It wouldn't change the semantics of memory.size or memory.grow.

This exaggerates the magnitude of the change to these instructions in the custom-page-sizes proposal (replacing a language-wide constant with a value defined in the memory's static type) and downplays the costs of introducing a whole new concept to the language.

It wouldn't change the tool conventions, meaning:

no addition of __builtin_wasm_page_size

no new relocation type

no new linker behavior

Instead of linker changes, this proposal would instead require whole new additions to the core Wasm language: the memory.size_bytes and memory.grow_bytes instructions that @tlively described.

I agree with what @tlively and @conrad-watt expressed, that in general we should prefer solutions with fewer core language changes over solutions with fewer toolchain changes.

It wouldn't add more magic to ".o" files. (Right now it's pretty nice that you can compile something with clang -c and the output in WAT, decoded by standard tools, is comprehensible as a Wasm module. The discussion in #3 suggests that newly generated .o files will implicate this proposal pervasively, and knowledge of the tool conventions and non-standard sections will become more necessary to understand what the .o file is trying to do.)

.o files would be just as comprehensible as they are now, as explained by @alexcrichton.

fitzgen commented 1 month ago

@ppenzin

How would aforementioned implementation that currently caps memory handle this? I assume it is a baremetal device of some sort, is mprotect even supposed to work?

One could imagine using an MPU's capabilities for this kind of thing, when available.

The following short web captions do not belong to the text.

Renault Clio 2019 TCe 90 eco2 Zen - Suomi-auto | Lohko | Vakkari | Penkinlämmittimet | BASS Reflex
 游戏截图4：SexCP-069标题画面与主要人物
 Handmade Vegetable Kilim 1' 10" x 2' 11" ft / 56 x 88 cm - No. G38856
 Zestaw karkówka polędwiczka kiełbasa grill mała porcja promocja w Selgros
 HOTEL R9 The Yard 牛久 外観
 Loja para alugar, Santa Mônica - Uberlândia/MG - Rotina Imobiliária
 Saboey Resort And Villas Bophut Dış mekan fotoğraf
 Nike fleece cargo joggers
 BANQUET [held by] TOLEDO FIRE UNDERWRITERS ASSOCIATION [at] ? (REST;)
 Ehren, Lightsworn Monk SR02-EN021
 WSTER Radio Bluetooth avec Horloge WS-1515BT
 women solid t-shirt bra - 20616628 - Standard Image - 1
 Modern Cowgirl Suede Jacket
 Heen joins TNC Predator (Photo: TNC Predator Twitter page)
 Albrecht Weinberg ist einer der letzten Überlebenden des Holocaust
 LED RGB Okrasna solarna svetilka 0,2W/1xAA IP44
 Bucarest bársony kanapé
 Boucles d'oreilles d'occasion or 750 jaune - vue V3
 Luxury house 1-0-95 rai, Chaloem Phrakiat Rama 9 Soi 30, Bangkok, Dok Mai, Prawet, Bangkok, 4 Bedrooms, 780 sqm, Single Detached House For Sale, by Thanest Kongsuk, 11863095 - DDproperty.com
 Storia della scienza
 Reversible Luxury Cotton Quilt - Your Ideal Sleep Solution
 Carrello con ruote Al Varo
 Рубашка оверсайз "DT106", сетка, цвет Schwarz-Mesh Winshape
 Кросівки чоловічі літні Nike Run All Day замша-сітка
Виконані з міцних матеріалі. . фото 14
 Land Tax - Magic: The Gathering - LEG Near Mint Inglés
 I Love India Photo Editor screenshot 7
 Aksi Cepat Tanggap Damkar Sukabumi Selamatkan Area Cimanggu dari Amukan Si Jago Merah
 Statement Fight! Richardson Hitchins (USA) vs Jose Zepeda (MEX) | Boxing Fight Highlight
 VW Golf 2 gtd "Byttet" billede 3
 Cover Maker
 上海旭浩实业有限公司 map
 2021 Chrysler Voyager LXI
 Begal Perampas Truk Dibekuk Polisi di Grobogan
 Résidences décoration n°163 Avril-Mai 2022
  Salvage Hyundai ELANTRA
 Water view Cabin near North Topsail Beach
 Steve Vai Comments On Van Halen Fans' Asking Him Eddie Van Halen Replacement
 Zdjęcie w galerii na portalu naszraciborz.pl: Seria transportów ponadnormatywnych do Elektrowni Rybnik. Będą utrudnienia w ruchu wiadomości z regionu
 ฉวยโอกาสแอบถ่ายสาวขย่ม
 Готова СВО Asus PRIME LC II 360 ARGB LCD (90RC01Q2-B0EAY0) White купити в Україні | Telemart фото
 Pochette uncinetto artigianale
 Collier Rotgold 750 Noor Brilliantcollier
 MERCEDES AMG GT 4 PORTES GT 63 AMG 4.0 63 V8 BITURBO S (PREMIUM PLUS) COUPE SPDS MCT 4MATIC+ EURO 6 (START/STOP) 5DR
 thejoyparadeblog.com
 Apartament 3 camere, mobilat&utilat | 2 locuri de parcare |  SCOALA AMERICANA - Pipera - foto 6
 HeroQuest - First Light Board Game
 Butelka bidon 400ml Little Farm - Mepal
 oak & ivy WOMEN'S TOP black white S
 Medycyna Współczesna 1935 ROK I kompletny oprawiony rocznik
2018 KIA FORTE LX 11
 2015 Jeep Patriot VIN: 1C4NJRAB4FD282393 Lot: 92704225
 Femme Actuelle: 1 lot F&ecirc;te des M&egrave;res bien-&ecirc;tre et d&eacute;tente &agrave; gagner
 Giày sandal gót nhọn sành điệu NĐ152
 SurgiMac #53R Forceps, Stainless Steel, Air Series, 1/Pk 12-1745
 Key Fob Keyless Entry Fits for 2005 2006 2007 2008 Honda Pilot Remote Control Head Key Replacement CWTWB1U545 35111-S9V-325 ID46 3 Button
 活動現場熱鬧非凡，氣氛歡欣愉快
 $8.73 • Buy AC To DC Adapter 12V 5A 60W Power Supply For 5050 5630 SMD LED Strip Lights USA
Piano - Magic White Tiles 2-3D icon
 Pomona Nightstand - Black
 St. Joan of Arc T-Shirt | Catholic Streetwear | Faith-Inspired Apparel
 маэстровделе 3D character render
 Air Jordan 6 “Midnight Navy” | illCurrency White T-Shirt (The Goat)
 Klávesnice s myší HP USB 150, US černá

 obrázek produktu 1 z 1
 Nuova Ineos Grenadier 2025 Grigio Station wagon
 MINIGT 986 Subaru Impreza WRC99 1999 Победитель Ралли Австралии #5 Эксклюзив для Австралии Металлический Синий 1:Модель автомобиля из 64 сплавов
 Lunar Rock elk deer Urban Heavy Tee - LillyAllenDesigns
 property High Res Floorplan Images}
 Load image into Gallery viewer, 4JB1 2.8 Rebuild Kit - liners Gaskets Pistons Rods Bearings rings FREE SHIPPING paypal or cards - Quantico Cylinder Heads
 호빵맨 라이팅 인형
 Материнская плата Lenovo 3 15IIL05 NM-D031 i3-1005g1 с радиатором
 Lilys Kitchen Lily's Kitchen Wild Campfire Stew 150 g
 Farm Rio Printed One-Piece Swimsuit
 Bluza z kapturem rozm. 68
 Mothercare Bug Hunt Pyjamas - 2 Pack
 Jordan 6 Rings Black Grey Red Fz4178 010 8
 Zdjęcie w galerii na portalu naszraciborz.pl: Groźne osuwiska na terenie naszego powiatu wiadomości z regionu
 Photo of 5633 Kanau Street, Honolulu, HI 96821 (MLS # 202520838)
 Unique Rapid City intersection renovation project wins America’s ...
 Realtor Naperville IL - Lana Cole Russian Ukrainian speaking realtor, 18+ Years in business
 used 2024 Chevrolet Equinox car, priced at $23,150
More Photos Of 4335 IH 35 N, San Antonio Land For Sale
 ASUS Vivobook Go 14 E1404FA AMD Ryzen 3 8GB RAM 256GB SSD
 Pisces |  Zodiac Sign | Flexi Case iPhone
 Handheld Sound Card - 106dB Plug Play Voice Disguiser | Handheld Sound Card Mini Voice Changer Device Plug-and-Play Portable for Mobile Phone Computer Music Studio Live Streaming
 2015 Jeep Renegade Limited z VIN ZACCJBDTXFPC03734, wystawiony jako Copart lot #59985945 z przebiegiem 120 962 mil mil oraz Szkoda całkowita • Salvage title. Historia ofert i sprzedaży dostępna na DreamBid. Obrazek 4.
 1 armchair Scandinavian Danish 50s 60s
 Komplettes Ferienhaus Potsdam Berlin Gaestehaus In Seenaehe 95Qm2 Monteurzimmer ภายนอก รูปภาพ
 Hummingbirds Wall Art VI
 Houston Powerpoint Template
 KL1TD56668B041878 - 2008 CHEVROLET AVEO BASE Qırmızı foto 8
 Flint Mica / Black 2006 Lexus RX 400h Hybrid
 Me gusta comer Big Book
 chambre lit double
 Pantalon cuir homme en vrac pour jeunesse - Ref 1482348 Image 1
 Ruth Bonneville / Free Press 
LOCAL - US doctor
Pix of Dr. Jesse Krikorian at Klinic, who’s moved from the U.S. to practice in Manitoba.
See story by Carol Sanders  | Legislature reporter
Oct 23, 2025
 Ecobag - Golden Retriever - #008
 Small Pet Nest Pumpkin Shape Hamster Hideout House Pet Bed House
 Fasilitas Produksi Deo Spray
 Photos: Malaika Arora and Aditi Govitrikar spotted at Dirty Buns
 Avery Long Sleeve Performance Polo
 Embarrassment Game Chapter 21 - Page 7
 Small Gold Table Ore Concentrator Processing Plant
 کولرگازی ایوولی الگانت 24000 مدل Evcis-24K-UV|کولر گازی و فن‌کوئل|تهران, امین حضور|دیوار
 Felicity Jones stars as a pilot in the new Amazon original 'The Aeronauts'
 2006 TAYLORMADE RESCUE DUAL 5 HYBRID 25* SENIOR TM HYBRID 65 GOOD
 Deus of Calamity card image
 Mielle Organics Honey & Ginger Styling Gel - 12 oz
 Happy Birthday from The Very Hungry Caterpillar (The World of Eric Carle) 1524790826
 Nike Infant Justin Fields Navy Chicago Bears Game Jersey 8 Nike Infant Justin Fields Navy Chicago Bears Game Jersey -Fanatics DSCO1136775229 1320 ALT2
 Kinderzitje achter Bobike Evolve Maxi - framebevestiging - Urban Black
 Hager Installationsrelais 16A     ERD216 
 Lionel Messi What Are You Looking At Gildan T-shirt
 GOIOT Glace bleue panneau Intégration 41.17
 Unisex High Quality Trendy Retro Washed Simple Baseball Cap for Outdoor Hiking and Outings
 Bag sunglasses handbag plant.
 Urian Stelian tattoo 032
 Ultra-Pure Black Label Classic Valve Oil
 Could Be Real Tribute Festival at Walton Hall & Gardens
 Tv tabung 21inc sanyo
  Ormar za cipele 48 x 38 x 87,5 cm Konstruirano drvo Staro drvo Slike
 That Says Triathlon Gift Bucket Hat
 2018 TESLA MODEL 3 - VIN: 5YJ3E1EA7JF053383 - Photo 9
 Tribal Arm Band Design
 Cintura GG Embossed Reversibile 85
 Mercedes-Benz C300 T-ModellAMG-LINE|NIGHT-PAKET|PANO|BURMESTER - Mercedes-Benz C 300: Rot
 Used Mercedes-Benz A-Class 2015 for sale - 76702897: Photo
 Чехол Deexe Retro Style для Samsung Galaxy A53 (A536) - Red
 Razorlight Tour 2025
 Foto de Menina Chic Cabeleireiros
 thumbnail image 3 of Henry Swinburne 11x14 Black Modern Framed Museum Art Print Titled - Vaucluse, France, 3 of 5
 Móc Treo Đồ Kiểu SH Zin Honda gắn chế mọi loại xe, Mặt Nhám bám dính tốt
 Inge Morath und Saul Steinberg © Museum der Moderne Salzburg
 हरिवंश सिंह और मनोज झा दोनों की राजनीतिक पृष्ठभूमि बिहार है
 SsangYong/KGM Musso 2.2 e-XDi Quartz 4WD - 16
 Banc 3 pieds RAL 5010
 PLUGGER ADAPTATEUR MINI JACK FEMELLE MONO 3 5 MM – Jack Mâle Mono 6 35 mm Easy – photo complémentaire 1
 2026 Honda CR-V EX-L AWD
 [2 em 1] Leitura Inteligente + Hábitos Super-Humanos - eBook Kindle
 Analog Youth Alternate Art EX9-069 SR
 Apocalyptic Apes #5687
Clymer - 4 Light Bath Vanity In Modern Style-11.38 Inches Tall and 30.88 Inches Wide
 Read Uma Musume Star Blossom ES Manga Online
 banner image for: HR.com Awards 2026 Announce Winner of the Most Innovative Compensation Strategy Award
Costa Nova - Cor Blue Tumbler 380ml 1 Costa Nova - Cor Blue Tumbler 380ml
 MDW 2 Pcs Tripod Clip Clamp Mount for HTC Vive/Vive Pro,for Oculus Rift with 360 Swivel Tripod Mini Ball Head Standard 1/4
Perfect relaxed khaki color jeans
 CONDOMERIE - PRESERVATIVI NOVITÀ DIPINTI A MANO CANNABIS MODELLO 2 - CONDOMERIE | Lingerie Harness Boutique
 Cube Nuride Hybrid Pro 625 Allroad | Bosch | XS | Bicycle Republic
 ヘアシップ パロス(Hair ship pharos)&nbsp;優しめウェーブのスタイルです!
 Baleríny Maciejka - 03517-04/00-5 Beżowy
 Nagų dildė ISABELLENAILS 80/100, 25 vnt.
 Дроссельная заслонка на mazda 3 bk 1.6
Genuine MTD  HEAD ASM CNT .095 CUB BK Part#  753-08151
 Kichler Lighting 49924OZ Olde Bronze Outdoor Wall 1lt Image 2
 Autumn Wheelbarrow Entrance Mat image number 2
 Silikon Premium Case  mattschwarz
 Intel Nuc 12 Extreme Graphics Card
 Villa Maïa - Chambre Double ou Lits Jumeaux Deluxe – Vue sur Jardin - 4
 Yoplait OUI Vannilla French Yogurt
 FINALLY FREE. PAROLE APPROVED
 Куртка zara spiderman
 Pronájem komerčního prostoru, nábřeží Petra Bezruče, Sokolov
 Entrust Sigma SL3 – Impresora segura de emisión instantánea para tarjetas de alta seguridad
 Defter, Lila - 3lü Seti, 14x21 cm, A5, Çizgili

For a forum that is probably better equipped to review this, Embedded SIG has been approved in Bytecode Alliance

The Bytecode Alliance is not a standardization venue. We, the BA, organize implementation work under our umbrella, and might make recommendations and proposals (such as this custom-page-sizes proposal!) to bring to standards venues like the W3C, but it is not appropriate move standards discussions out of their standardization venues and into the BA.

fitzgen commented 1 month ago

@yamt

where can i find the implementation?

The binary decoding, binary encoding, text parsing, text printing, validation, test case generation for fuzzing, and *.wast tests are all in https://github.com/bytecodealliance/wasm-tools

Support has not landed in Wasmtime itself yet.

woodsmc commented 1 month ago

I'd like to make sure our colleagues who have been shipping devices with smaller memory footprints are included in the discussion, so here comes a list of github handles / tags: @no1wudi, @dongsheng28849455, @xwang98 and @wenyongh. (I apologise if I've missed anyone).

Perhaps we could get some insight into the use cases for smaller page sizes.

From my own perspective, the device limitations restricted the code structure we deploy, reducing complexity, we are also likely to remove dynamic memory actions (grow/shrink), etc. Other perspectives on limitations usage of smaller page sizes would be useful too.

dschuff commented 1 month ago

A very minor comment:

From my own perspective, the device limitations restricted the code structure we deploy, reducing complexity, we are also likely to remove dynamic memory actions (grow/shrink), etc.

I just wanted to point out that for this specifically, it's perfectly valid for memory growth to always fail, that that doing this is much preferable to other ways of not supporting growth (e.g. rejecting memory.grow instructions at validation time).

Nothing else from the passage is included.